Villa Højgaard is inspired by Swedish neoclassicism, and the architect Kay Fisker (1893-1965) mixed one of the neoclassical style’s trends, the English cottage style, with Nordic building tradition and materials.
The building points towards the Danish Better Construction movement in the late 1920s, and thus the country house has historical significance as a spearhead for a new architectural style.
A Country House with British Inspiration
The country house Villa Højgaard was built as a summer residence for bicycle pump manufacturer J.W. Friis in 1917 and became a listed property in 1988. The style of the building reflects the inspiration from the British Arts & Crafts movement and is one of the few single-family houses which Fisker designed. It is one of his main works in which he really displayed his sense of style and worth as an architect.
The first country house to be built in Denmark was probably Lundehave in Elsinore. It was erected in 1588 by King Frederik II and had features found in contemporary Italian Renaissance villas. The building still exists today under the name of Marienlyst Castle, a remodelled version from 1759-63 of the old house. As an institution, the country house has undergone many forms over time.
Kay Fisker primarily designed large, residential buildings such as multistorey buildings or terraced houses as well as public buildings within the health care system. But he also had a talent for designing single-family houses like Villa Højgaard.
The country house in Snekkersten consists of 251 square metres and is overlooking the Sound between Denmark and Sweden from the top floor. The details in Villa Højgaard are numerous - right down to the door handles - and the interior is meticulously drawn. At the time of its construction, it was common to give each room its own individual colours and traits.
Villa Højgaard has been restored to its former glory. At the time of the villa’s construction, the walls were painted in individual colours schemes like today, each room with its own distinctive colour.
In connection with the restoration, the villa has been energy-optimised to the greatest possible extent, and surface treatment and treatment of individual details have been carried out.

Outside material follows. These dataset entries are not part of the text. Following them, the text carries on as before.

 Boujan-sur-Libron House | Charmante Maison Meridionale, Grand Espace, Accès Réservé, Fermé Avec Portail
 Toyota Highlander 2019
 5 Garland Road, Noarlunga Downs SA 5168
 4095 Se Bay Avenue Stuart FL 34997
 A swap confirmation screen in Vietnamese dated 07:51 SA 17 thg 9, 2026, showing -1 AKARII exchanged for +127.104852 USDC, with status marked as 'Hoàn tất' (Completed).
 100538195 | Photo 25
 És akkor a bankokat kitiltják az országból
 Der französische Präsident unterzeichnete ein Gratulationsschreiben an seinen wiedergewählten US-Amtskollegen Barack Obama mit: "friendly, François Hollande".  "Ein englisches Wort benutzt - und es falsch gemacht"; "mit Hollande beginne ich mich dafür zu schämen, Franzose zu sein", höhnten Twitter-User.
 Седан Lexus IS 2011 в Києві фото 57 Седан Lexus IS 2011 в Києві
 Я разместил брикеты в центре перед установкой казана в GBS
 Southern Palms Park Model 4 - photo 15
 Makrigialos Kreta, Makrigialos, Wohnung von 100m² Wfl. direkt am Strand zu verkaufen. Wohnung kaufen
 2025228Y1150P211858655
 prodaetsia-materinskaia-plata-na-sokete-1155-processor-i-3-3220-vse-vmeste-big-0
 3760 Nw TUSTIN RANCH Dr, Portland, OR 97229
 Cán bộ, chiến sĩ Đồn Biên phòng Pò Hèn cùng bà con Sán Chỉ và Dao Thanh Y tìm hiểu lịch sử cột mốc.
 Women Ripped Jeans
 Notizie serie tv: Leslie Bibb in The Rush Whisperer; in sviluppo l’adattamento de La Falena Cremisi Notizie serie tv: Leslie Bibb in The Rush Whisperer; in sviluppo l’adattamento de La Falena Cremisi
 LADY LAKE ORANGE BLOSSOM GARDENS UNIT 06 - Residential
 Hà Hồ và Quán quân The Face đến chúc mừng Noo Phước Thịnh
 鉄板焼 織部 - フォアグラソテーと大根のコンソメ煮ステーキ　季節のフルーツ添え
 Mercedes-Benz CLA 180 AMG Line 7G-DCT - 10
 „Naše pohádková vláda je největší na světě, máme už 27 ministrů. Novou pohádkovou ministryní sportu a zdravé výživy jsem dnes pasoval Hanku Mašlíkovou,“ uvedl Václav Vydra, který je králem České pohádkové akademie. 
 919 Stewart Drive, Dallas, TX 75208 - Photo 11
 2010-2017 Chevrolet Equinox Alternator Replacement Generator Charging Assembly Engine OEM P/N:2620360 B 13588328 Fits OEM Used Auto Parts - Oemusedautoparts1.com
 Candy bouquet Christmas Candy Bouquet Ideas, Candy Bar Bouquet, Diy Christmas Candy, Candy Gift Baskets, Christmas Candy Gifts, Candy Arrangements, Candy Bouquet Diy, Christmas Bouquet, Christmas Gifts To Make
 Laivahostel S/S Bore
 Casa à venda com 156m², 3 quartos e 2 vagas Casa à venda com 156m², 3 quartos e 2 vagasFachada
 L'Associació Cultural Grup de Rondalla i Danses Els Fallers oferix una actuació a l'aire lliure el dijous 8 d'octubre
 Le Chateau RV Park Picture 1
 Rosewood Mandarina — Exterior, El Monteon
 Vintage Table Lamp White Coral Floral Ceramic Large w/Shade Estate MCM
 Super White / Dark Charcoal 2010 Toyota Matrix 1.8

All technical installations have been renewed, taking into account the high conservation value of the house.
The Last Great Father Figure in Danish Architecture
Kay Fisker’s buildings still emanate his great talent and love for his profession and tell the story of Danish architecture from the 1930s to the 1970s. Fisker remains monumental in Danish architecture, for his practice, teaching, network of the world’s leading architects and his charismatic personality made him the last great father figure in Danish architecture.
The country house as an institution dates far back in history. From the Roman villas far from the bustling city life to the noble country houses of the Renaissance and the 18th century's return to the ideals of Antiquity. In the 19th century, the Arts & Crafts movement emerged in the United Kingdom, and it was this architectural trend that inspired Kay Fisker in the design of Villa Højgaard.
The house was originally built as a summer residence, and this meant, among other things, that no heating sources were set up in the individual rooms. The calorifier stove handled the heating in the central room of the house, the garden room and the adjoining dining room as well as the room on the floor above. During the restoration, underfloor heating was installed in most of the rooms instead.